━━━━━ Task material ━━━━━

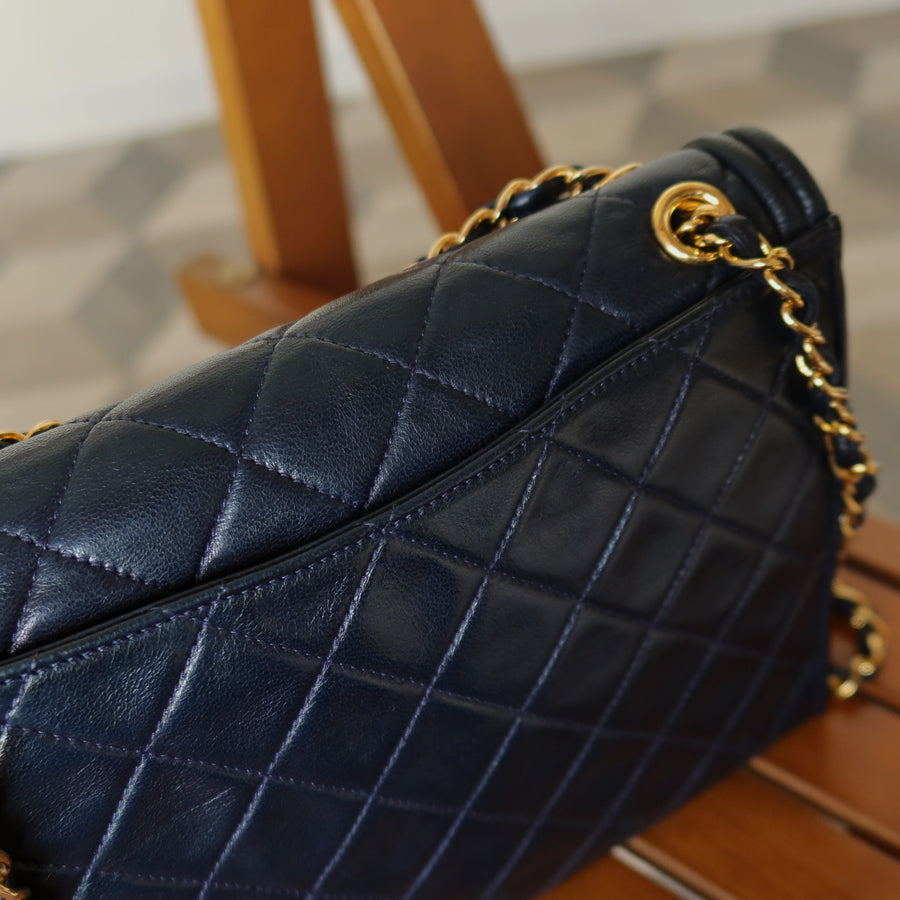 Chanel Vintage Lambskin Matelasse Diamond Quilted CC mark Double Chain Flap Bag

━━━━━
━━━━━ Task material ━━━━━

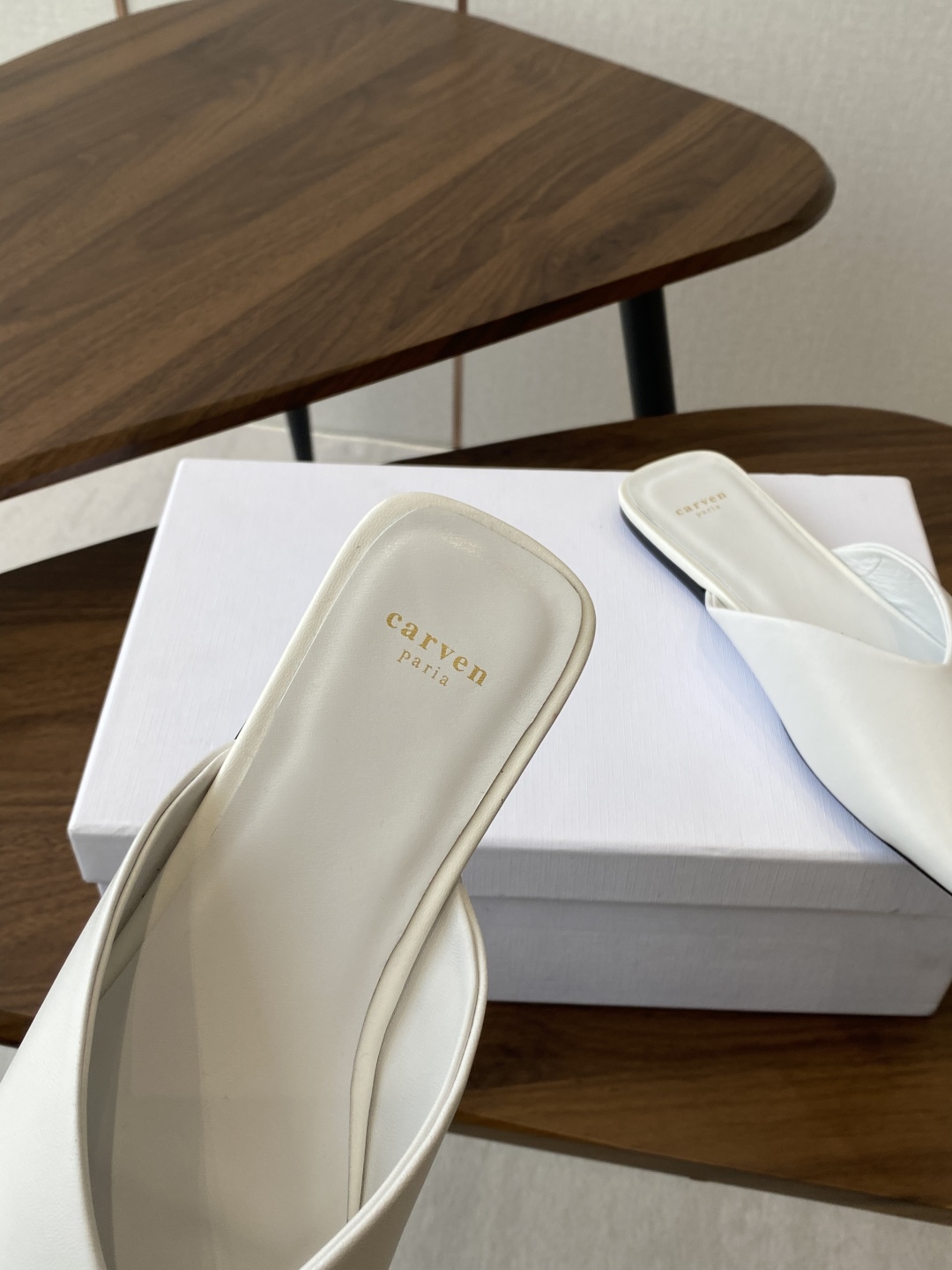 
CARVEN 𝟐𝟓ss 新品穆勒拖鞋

━━━━━
━━━━━ Task material ━━━━━

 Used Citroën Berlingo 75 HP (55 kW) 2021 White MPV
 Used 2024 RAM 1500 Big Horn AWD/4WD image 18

━━━━━

**Task to complete**
Please return each line of the listing above that contains "Used".

**Answer space**
 Used Citroën Berlingo 75 HP (55 kW) 2021 White MPV
 Used 2024 RAM 1500 Big Horn AWD/4WD image 18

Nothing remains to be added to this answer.